Early Copy Protection on the Apple II - StylifyYourBlog
http://www.fadden.com/techmisc/cassette-protect.htm
======
fit2rule
My earliest memory defeating copy protection went like this: typical for games
of my system in those days, programs were loaded from tape, and often
consisted of a small stub program in BASIC to do loading/protection, followed
by raw assembly loaded directly into memory .. if you tried to break out of
the game and return to the BASIC interpreter, the stub loader would trap the
break and issue a "NEW" command, 'wiping' the program from memory.

Well, someone figured out that all the NEW command did was set a single byte
to #400, which was the top of usable memory or something, and then the
interpreter would see .. nothing. So we wrote an "OLD" command that simply
replaced that value with maximum memory avialable - and voila, program loaded
again! I'll never forget the joy of typing in that 10-line OLD command,
loading up a protected game, breaking into BASIC, seeing that the game had
been 'wiped', then typing 'OLD' to get it all back again .. so I could save it
to tape again. That moment sent me off on a wonderful journey that is still
not over, 30 years later .. I think copy protection is responsible for
motivating more software development by hackers over the decades than,
perhaps, any other aspect ..

------
patcheudor
Wow, that brought back some memories. I used a darkStar SYSTEMS Snapshot board
on my II+ to copy the contents of a program running in RAM to disk so I could
then use assembler to edit out the copy protection. While my original Snapshot
board is long lost, I still have the IIe version. I believe this would qualify
as a hacking unicorn:

[http://defaultstore.com/copycat.png](http://defaultstore.com/copycat.png)

------
kazinator
The later protections were very interesting also.

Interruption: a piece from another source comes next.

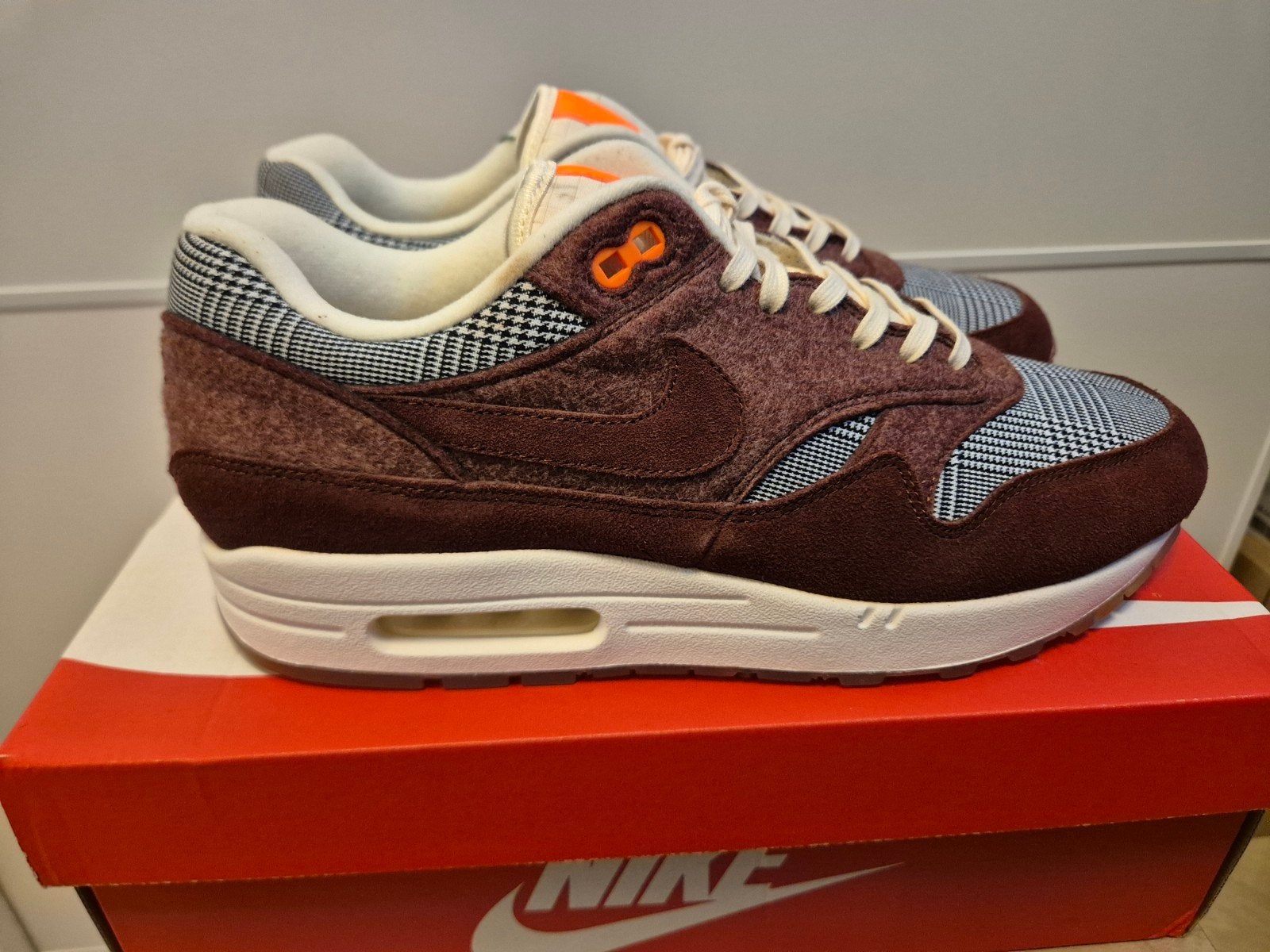 Nike Air Max 1 Houndstooth maat 44.5 NIEUW, Bruin, Nike, Nieuw, Ophalen of Verzenden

The Apple II disk drives featured head movement that was operated by
programmed I/O. For increments of a stepper motor were required to go from one
track to another. This made it possible to write data in quarter track
increments, giving rise to one copy protection scheme.

A conventional track-by-track disk copy program would not correctly copy data
written in a spiral pattern using quarter track increments.

There were also schemes whereby tracks were written at a different speed. The
logic-state-sequencer state machine for shifting bits from the head would
still read the data correctly, but the program could tell a copy made at a
conventional speed from the genuine article, due to the different size and
content of the gap.

Programs that did this sort of thing would tend to have to be cracked by
removing all the checks, and replacing their disk loading routines with
conventional ones that read ordinary tracks that are copyable with any disk
copying utility.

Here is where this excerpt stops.